Per tentare di convincere i medici di base ad esentarli dalla somministrazione in molti accampano scuse improbabili. «Ma le vere controindicazioni sono altre»

TRIESTE. Il Green pass che diventa il lasciapassare per recuperare una vita “normale” alimenta la fantasia no vax. Ed ecco spuntare non solo allergie, episodi di asma giovanile, flebiti lontane un decennio, ma anche una presunta sordità e perfino le vene varicose. Scuse palesi di pazienti, ma anche di infermieri e operatori socio sanitari, che chiedono al medico di medicina generale di mettere nero su bianco una presunta patologia per poter ottenere il certificato liberatorio anche in assenza di vaccinazione anti Covid.
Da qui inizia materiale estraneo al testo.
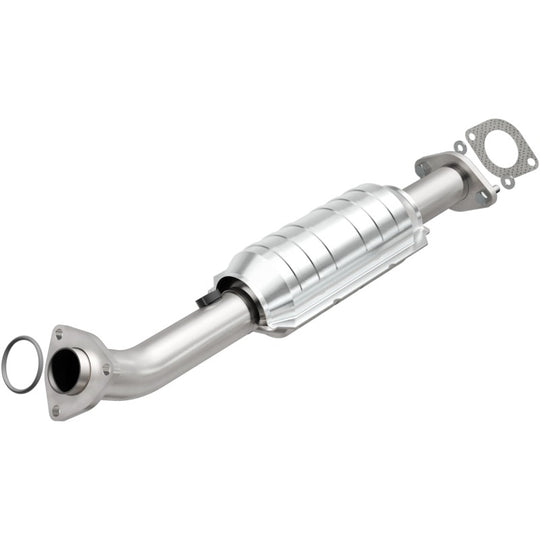 MagnaFlow Direct Fit Catalytic Converter 98-00 Niss Pathfinder 3.3L - 24748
«Il dipartimento di Prevenzione di Asugi – fa sapere Lorenzo Cociani (Smi Trieste) – ha diffuso una circolare in cui si specifica che è il medico di famiglia a dover attestare se un paziente può fare il vaccino oppure no. Non mancano per questo i motivi di contrasto con chi, no vax, non si accontenta di rifiutare autonomamente la dose, ma, proprio perché si rende ben conto dell’utilità del Green pass, fa pressione in ambulatorio, magari con tanto di carta dell’avvocato, adducendo le più diverse motivazioni cliniche, nessuna delle quali, peraltro, rappresenta una controindicazione assoluta alla vaccinazione». In sostanza, come si legge nella circolare – che precisa come né l’allattamento né la gravidanza, superato il terzo trimestre, sono motivi di esonero o differimento –, non si deve inviare al dipartimento alcuna documentazione sanitaria al fine di dimostrare l’impossibilità o l’inopportunità di sottoporsi alla vaccinazione anti Covid, ma «è necessario che il medico di medicina generale dichiari espressamente che, valutato lo stato di salute della persona, la vaccinazione non può essere somministrata o deve essere differita».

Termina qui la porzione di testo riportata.